The Department of Agriculture says it has a high-tech network that can identify possible fraud, then alert investigators. But an I-Team investigation revealed that federal agents in Ohio have learned about years of fraud from informants, not the taxpayer-funded system designed to alert them.

Three years ago, federal agents, state police and Butler County deputies raided U.S. Beef in Fairfield after undercover investigations recorded illegal trafficking of Electronic Benefit Transfer (EBT) cards provided by the Supplemental Nutrition Assistance Program -- also known as SNAP -- the modern version of food stamps.

Watch WCPO video from the raid on U.S. Beef:

 

Authorities said the fraud at U.S. Beef amounted to $906,000. On a national scale, food stamp fraud documented by the federal government totaled $560 million last year and $592 million in 2016 – out of $63 billion in benefits.

“They're gypping the system making all of us pay for this and it's not intended for that,” Butler County Sheriff Richard Jones said.

In the U.S. Beef case, the evidence included a detailed analysis of SNAP sales showing the company had quadrupled the combined total of three comparable companies.

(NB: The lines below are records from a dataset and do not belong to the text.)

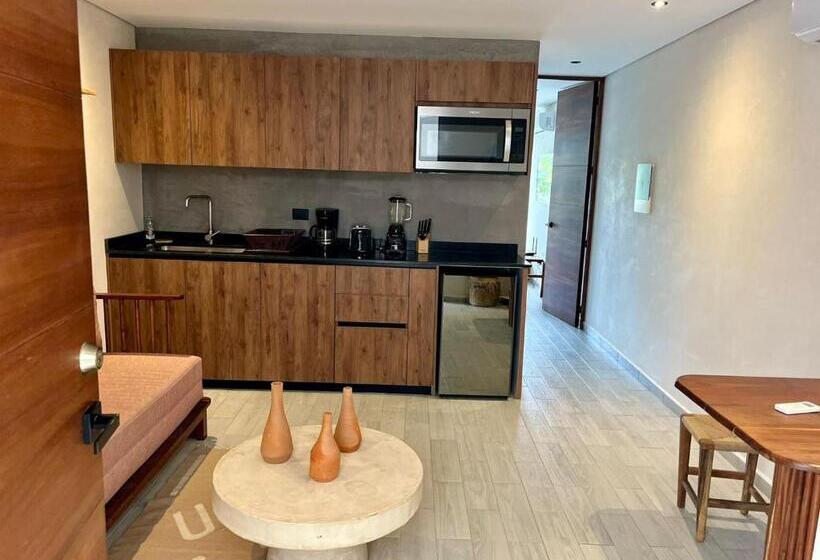 Departamento En Tulum Jade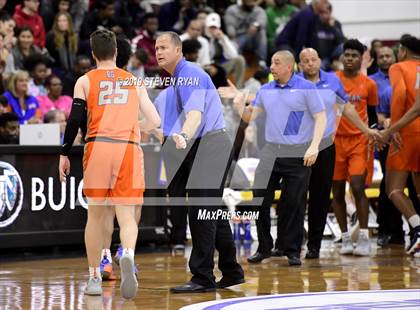 Thumbnail 3 in Bishop Gorman vs. La Lumiere (GEICO National Tournament Quarterfinal) photogallery.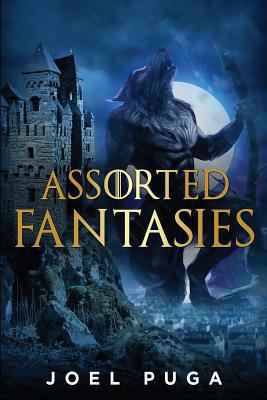 Assorted Fantasies 1539567303 Book Cover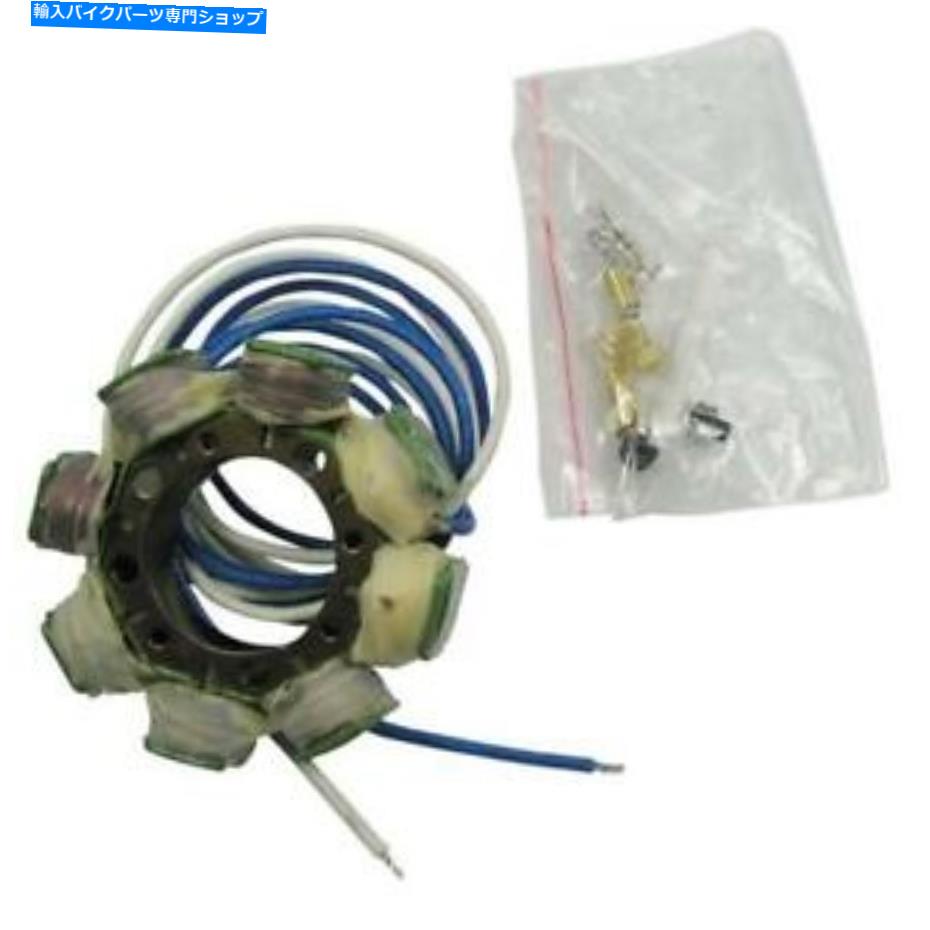 Magnetos Ricks Electric Magneto Stator Honda CRF250R CRF450R Ricks Electric Magneto Stator Honda CRF250R CRF450R【並行輸入品】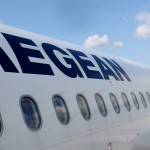 Λέσβος: «Συναγερμός» για λανθασμένη ένδειξη φωτιάς σε κινητήρα αεροσκάφους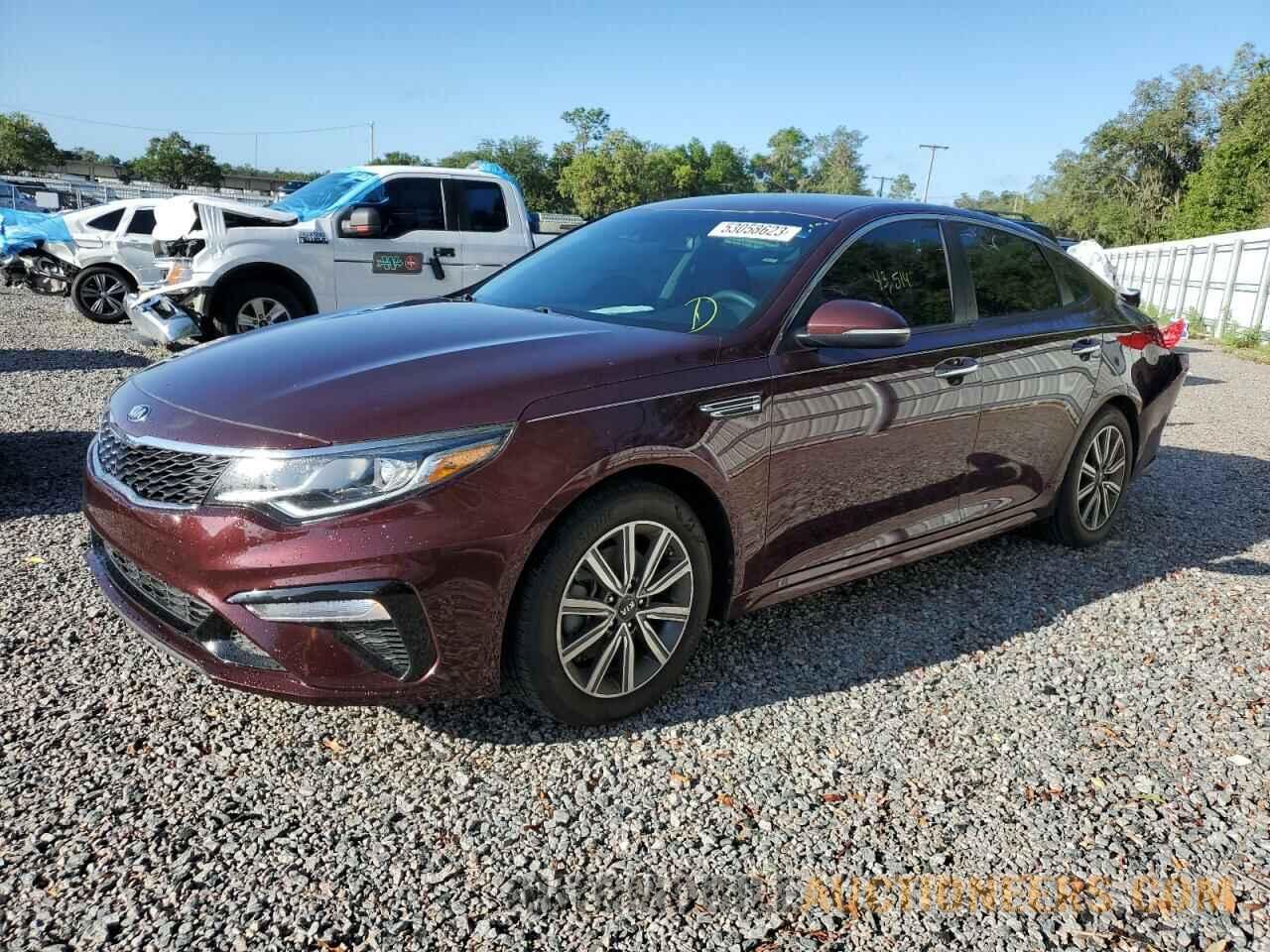 5XXGT4L37KG350861 KIA OPTIMA 2019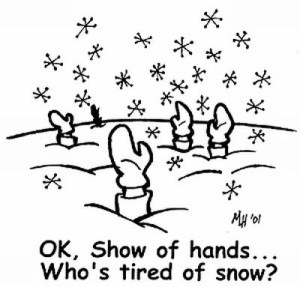 Snow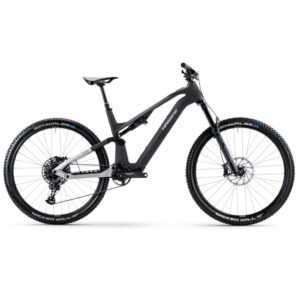 Haibike 29'' LYKE CF 10 Carbon E-Mountainbike 2025 carbon/silver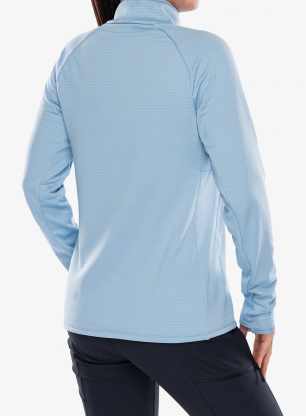 Mikina dámska Cotopaxi Otero Fleece Half-Zip Pullover - iceberg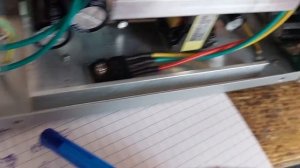 Что внутри ЛБП HY3005B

“That seems like a glaring red flag,” U.S. Attorney Benjamin Glassman told the I-Team. “Absolutely. That is strong evidence of fraud.

But the USDA's ALERT system, which "monitors electronic transaction activity and identifies suspicious stores for analysis and investigation," apparently never identified that as possible fraud.

The 18-month investigation began with a tip from a confidential informant who revealed that U.S. Beef employees bought EBT cards for half their value, then billed the government for the full amount, according to the criminal complaint.

U.S. Beef’s co-owners and managers Scott Traum and Joey Lightcap-Traum, along with employees Dalton Traum, Keith Blankenship and Jordan Kaiser, received sentences of at least a year in prison.

“If you do have a confidential informant who is able to get essentially on the inside of the organization, and especially if you're able to record those interactions, it can make for a very compelling criminal case,” Glassman said.

Even with USDA’s ALERT System, Glassman insisted the massive SNAP program -- with 263,000 retailers and 7 million transactions a day -- is an enormous challenge to monitor.

“It would be great if we had the technological means to catch everyone the moment a fraud occurs,” Glassman said, “but we don't.”

Recently unsealed federal court records show the problems continue.

In a search warrant filed three months ago, a USDA agent revealed an investigation had uncovered $9 million in SNAP fraud by Ohio Direct Distributors of Massillon, Ohio. The agent alleged the fraud began in 2011 and lasted for six years.

Court records show the investigation began with tips from two individuals, not the USDA ALERT system.

Glassman declined to comment on that case because charges haven’t been filed.

“Any offense that’s gone undetected by law enforcement for any amount of time is frustrating,” Glassman said, “but I do have confidence that those major frauds will be discovered, they will be investigated, and we will prosecute the offenders and put them in prison.”

The I-Team requested comment from the USDA, but it declined. 

Kurt Reiber, president and CEO of Freestore Foodbank in Cincinnati, says SNAP needs better monitoring for fraud.

“I think it's important for the retailers, the Foodbank, the Feeding America network and Congress to work together to solve this problem,” Reiber said.

But Reiber is quick to point out that the $592 million in documented fraud represents less than 1 percent of the $63 billion in SNAP benefits.

“I think we're doing a lot of good things and I don't think we should throw the baby out with the bath water,” Reiber said.

Reiber says the fraud hurts families who use their benefits properly because it can reinforce false stereotypes about SNAP recipients, who typically receive about $4 a day for food.